While the term smartphone wasn't coined when IBM Simon was released, it was the first device that combined the functions of a phone and a Personal Digital Assistant (PDA), making it the first known member of the smartphone family, as we know it today.
Simon came with a black and white 4.5-inch×1.4-inch (114mm×36mm) LCD display with 293x160 pixels resolution and touch support with stylus, but had modest specs compared to modern-day smartphones. IBM Simon was powered by a x86-compatible 16-bit Vadem processor clocked at a mere 16MHz. It came with 1MB RAM, 1MB storage and ran 'Zaurus OS.'
The phone with a battery life of one hour was developed by IBM and the American cellular company BelSelf and went on sale on 16 August 1994. At around 20cm long and weighing over half a kg, it was about half the size of a house brick.
The software allowed users to write notes, draw, update their calendar and contacts and send and receive faxes - the preferred means of corporate communication before email - as well as allowing calls, of course.
"It was called Simon because it was simple and could do almost anything you wanted," the Irish Times reported.

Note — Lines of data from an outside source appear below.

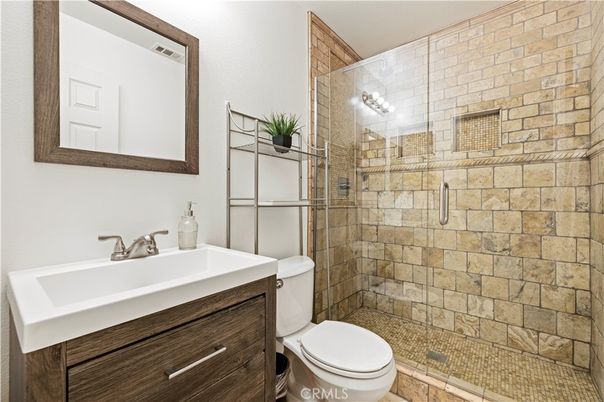 Bathroom, Glass Shower, Interior, Stone Walls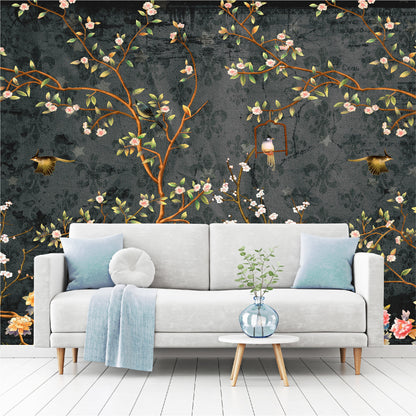 Mural Campestre Inglés Gris Oscuro - Negro - MT375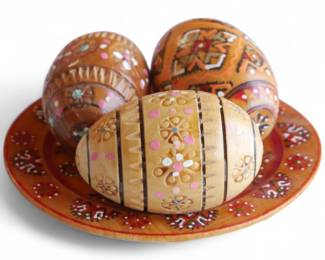 Vintage Ukrainian Folk Art Pysanky Carved Wooden Egg Set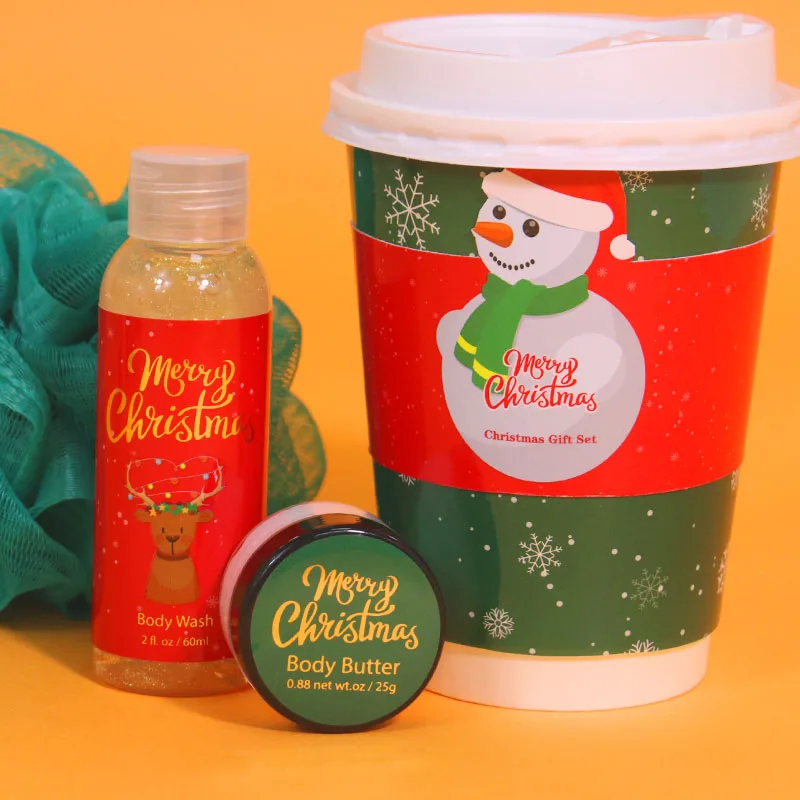 Wholesale Custom Christmas Gifts for Women Relaxing Spa Gift Set Glitter gel Body Butter and Sponge Spa Set for Mom Sister Wife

"It has all the components of a smartphone, including a slot in the bottom to insert different applications such as mapping ones, spreadsheets and games. So it was really a forerunner to the iPhone," Charlotte Connelly from the London's Science Museum was quoted as saying.
Around 50,000 handsets were sold.
In October, the relic phone will go on display as part of a permanent exhibition on the history of communication and information technology at London's Science Museum.